───── Given records
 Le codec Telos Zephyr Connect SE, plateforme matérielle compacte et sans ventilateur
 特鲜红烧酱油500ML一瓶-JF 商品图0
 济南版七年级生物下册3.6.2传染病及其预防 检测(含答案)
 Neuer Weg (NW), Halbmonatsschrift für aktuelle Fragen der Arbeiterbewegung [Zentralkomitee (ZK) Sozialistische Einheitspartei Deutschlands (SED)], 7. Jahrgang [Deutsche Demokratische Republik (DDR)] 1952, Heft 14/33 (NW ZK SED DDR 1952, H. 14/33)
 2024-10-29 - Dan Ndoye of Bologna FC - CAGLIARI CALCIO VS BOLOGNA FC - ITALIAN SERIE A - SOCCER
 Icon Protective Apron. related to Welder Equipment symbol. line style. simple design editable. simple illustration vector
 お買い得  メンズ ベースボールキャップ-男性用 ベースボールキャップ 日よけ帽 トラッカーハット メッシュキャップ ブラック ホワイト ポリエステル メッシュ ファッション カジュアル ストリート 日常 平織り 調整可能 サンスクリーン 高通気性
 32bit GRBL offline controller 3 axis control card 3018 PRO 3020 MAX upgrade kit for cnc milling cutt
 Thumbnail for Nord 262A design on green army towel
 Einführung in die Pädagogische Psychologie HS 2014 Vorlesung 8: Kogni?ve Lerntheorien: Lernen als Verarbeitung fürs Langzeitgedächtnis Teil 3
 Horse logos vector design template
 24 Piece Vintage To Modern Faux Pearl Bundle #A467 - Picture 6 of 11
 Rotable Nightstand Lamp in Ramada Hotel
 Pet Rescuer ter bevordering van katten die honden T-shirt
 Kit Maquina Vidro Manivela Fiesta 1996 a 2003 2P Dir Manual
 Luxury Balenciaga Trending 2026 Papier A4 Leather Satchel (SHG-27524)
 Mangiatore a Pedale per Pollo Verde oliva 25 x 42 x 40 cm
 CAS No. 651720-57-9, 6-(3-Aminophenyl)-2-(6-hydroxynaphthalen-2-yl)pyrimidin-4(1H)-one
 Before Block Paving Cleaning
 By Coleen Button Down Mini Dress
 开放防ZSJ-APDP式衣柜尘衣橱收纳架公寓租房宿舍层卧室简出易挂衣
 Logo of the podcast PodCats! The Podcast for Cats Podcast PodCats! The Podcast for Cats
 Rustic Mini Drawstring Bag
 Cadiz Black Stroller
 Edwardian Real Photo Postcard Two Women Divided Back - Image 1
──────────
▶ **Your objective**: Reproduce each line of the material above precisely.

▶ **Reply to the task**:
 Le codec Telos Zephyr Connect SE, plateforme matérielle compacte et sans ventilateur
 特鲜红烧酱油500ML一瓶-JF 商品图0
 济南版七年级生物下册3.6.2传染病及其预防 检测(含答案)
 Neuer Weg (NW), Halbmonatsschrift für aktuelle Fragen der Arbeiterbewegung [Zentralkomitee (ZK) Sozialistische Einheitspartei Deutschlands (SED)], 7. Jahrgang [Deutsche Demokratische Republik (DDR)] 1952, Heft 14/33 (NW ZK SED DDR 1952, H. 14/33)
 2024-10-29 - Dan Ndoye of Bologna FC - CAGLIARI CALCIO VS BOLOGNA FC - ITALIAN SERIE A - SOCCER
 Icon Protective Apron. related to Welder Equipment symbol. line style. simple design editable. simple illustration vector
 お買い得  メンズ ベースボールキャップ-男性用 ベースボールキャップ 日よけ帽 トラッカーハット メッシュキャップ ブラック ホワイト ポリエステル メッシュ ファッション カジュアル ストリート 日常 平織り 調整可能 サンスクリーン 高通気性
 32bit GRBL offline controller 3 axis control card 3018 PRO 3020 MAX upgrade kit for cnc milling cutt
 Thumbnail for Nord 262A design on green army towel
 Einführung in die Pädagogische Psychologie HS 2014 Vorlesung 8: Kogni?ve Lerntheorien: Lernen als Verarbeitung fürs Langzeitgedächtnis Teil 3
 Horse logos vector design template
 24 Piece Vintage To Modern Faux Pearl Bundle #A467 - Picture 6 of 11
 Rotable Nightstand Lamp in Ramada Hotel
 Pet Rescuer ter bevordering van katten die honden T-shirt
 Kit Maquina Vidro Manivela Fiesta 1996 a 2003 2P Dir Manual
 Luxury Balenciaga Trending 2026 Papier A4 Leather Satchel (SHG-27524)
 Mangiatore a Pedale per Pollo Verde oliva 25 x 42 x 40 cm
 CAS No. 651720-57-9, 6-(3-Aminophenyl)-2-(6-hydroxynaphthalen-2-yl)pyrimidin-4(1H)-one
 Before Block Paving Cleaning
 By Coleen Button Down Mini Dress
 开放防ZSJ-APDP式衣柜尘衣橱收纳架公寓租房宿舍层卧室简出易挂衣
 Logo of the podcast PodCats! The Podcast for Cats Podcast PodCats! The Podcast for Cats
 Rustic Mini Drawstring Bag
 Cadiz Black Stroller
 Edwardian Real Photo Postcard Two Women Divided Back - Image 1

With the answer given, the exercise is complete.